• _Recorded information_:
○ ○ ○ ○ ○

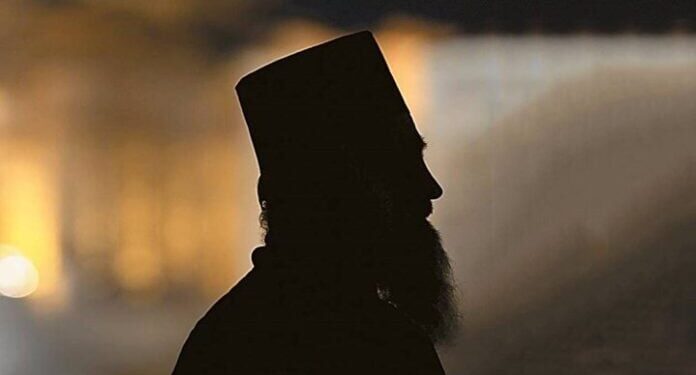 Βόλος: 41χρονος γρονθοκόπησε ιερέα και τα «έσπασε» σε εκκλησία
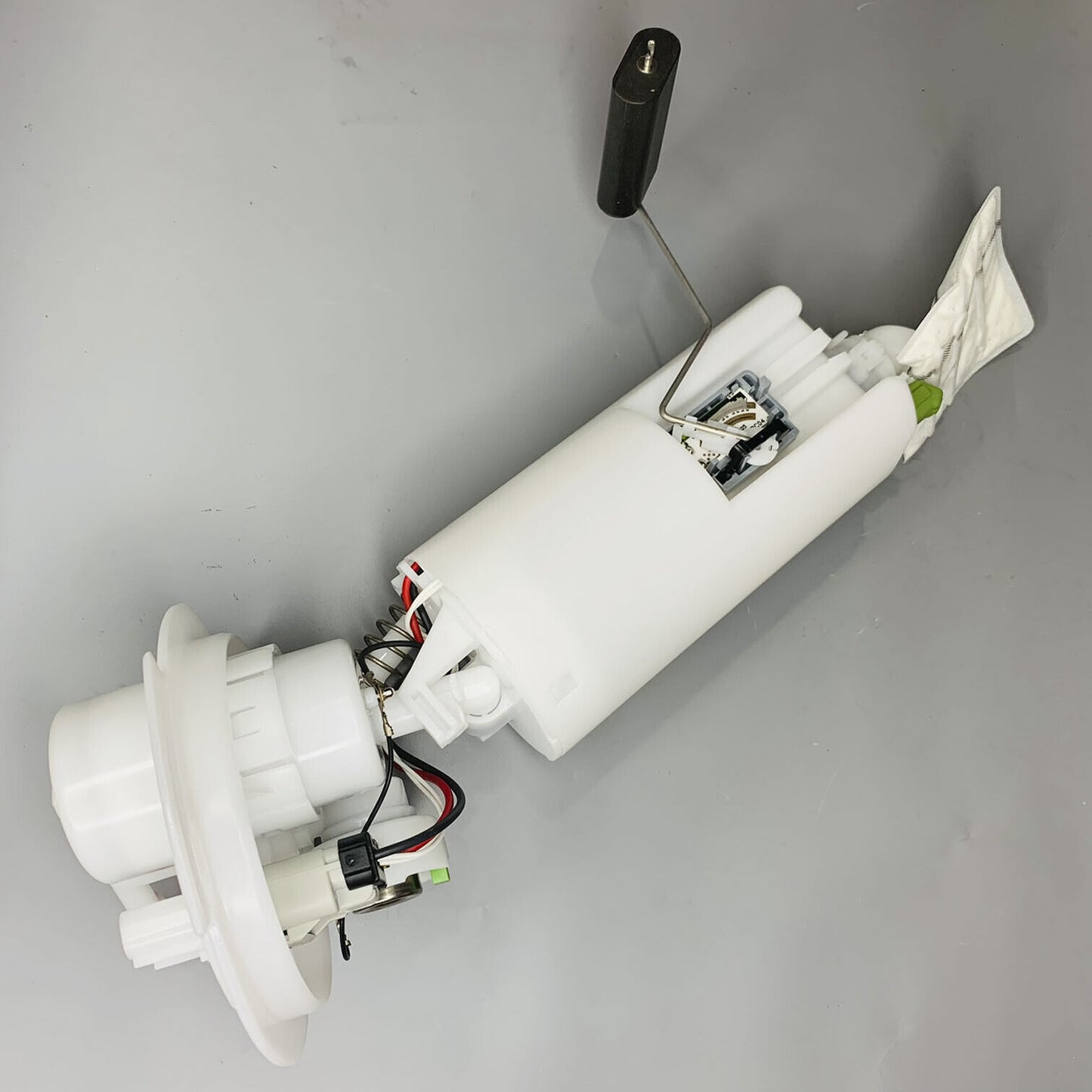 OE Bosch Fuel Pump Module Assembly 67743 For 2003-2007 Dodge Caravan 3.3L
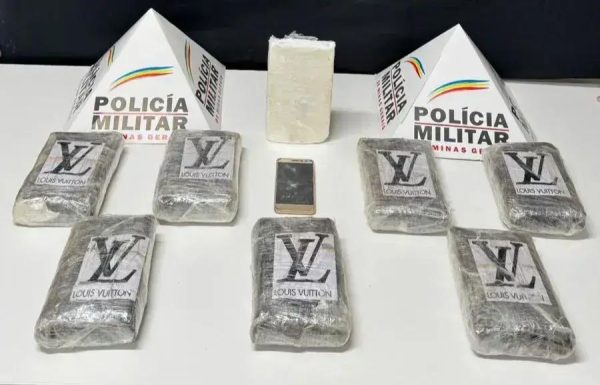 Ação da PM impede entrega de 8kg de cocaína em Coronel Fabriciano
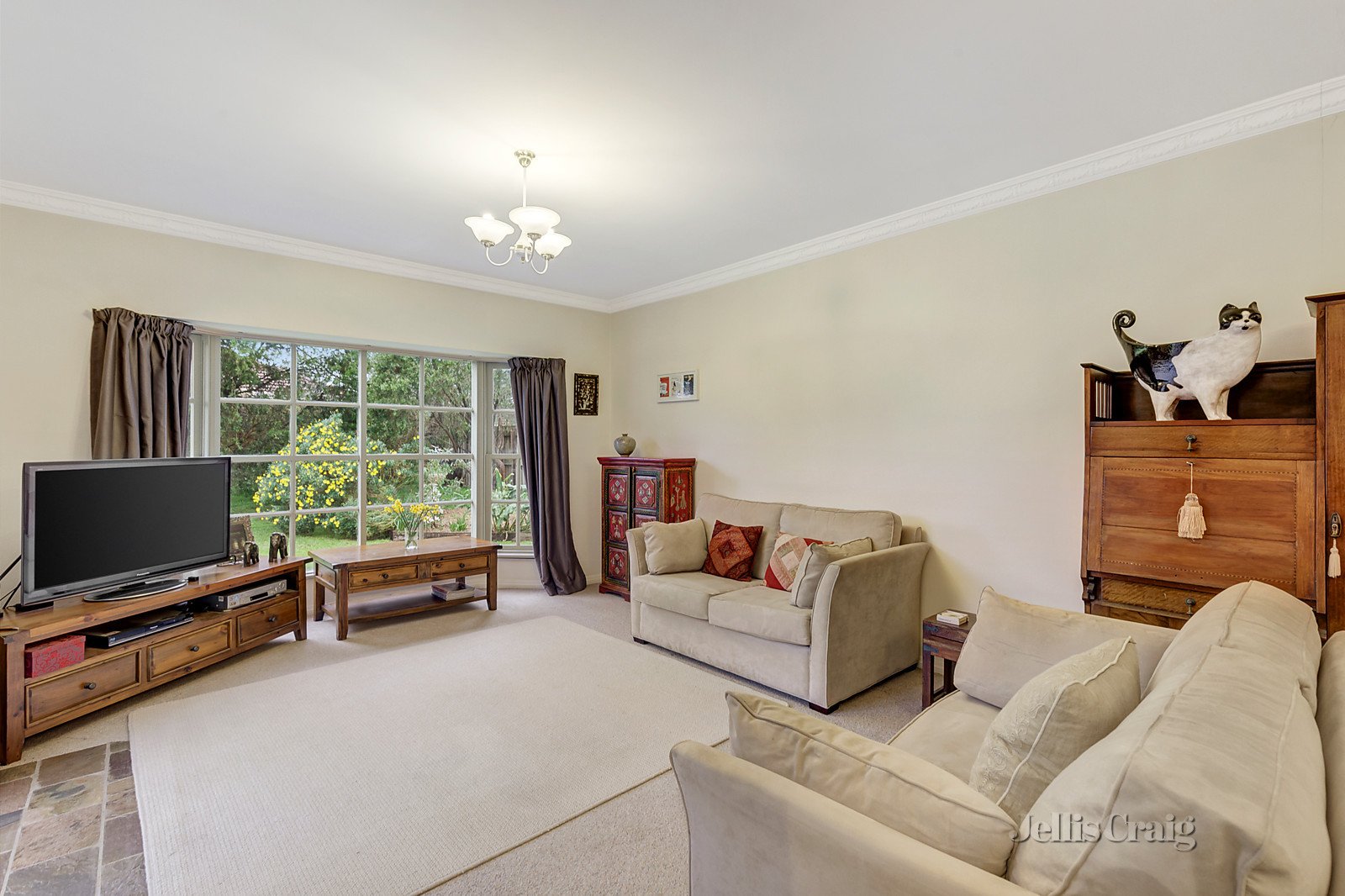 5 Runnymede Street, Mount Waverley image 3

○ ○ ○ ○ ○

• _What to produce_: The line with "Ação da PM impede" marks the start, and the last line of the material marks the end. Reproduce exactly those two lines and every line between them, without the pictures.

• _Solution for this exercise_:
 Ação da PM impede entrega de 8kg de cocaína em Coronel Fabriciano
 5 Runnymede Street, Mount Waverley image 3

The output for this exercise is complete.